A coding agent tasked with refactoring an authentication system across 8 files.

Without scratchpad: By file 5, the agent has made decisions about token format, session handling, and error codes in earlier files. Those decisions are scattered across tool call results and assistant messages from turns 3, 7, and 11. The agent reads file 6 and makes an inconsistent choice about error codes because the earlier decision is buried under 15k tokens of intermediate file reads.

With scratchpad:

## Refactoring State
- [x] auth/tokens.py - switched to RS256, token expiry 1h
- [x] auth/sessions.py - session store moved to Redis
- [x] auth/middleware.py - updated to use new token format
- [x] api/login.py - uses new session store
- [ ] api/protected.py - needs token validation update
- [ ] api/admin.py - needs role-based checks
- [ ] tests/test_auth.py - rewrite for new token format
- [ ] docs/auth.md - update API documentation

## Decisions
- Token format: RS256 JWT (chosen over HS256 for key rotation)
- Error codes: 401 for expired, 403 for insufficient role
- Session TTL: 24h with sliding window

## Open questions
- Should admin endpoints use a separate token scope?

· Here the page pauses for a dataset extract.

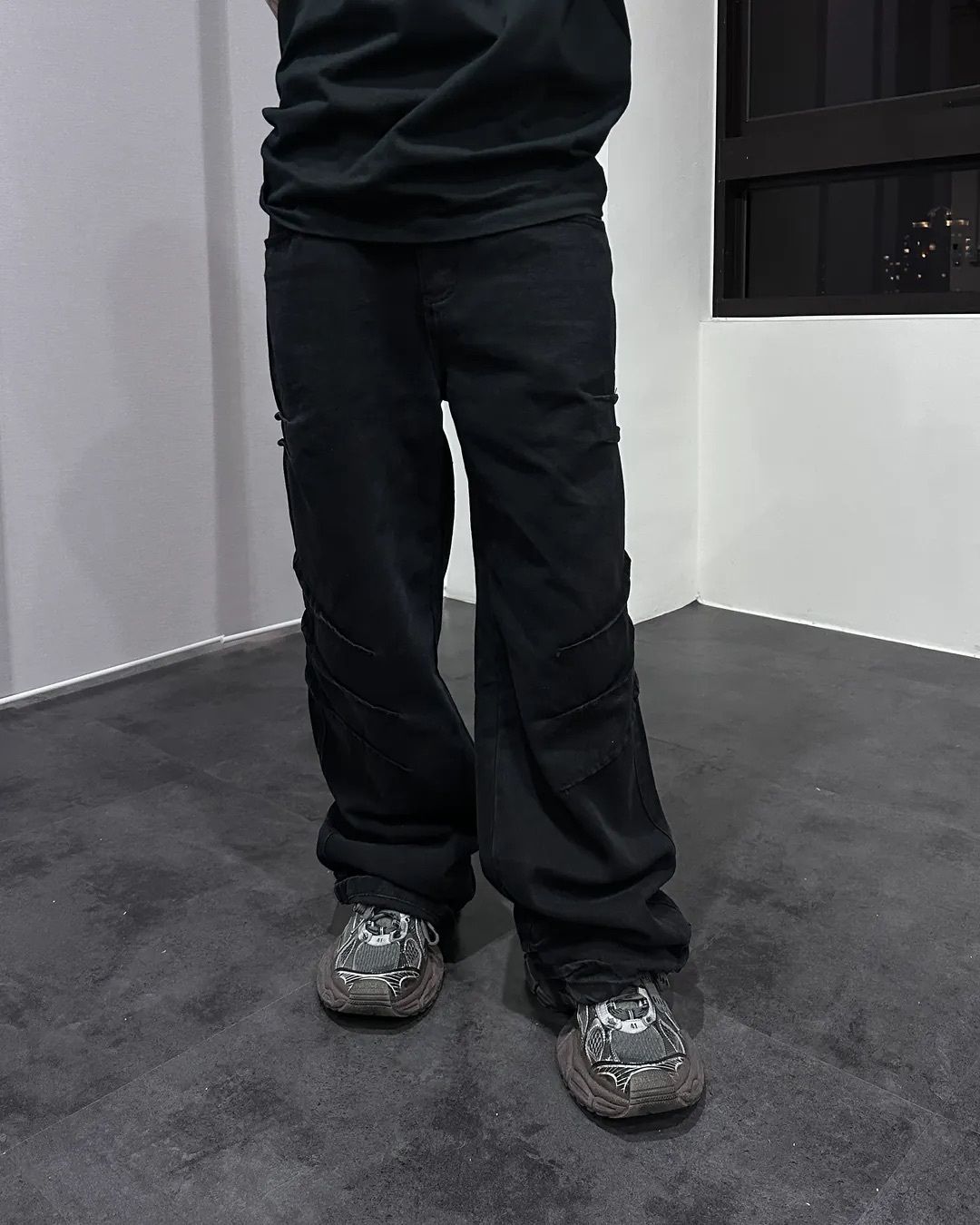 OPO DESIGN 立體寬鬆鯊魚牛仔褲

The agent reads this at the start of each turn. The decision about error codes is right there, accessible without the model having to find it in a turn-8 assistant message it may not attend to by turn 15.

When to Use

Multi-step agent tasks that span more than 5-8 turns
Tasks with intermediate decisions that subsequent steps depend on
Long-running sessions where consistency across turns matters more than token efficiency

When Not to Use

Short interactions where the full history fits comfortably in the effective window
Tasks with no intermediate state (single question-answer pairs, translation, classification)
When the scratchpad would consume a significant fraction of the context budget (use Write Outside the Window instead and reference the external state)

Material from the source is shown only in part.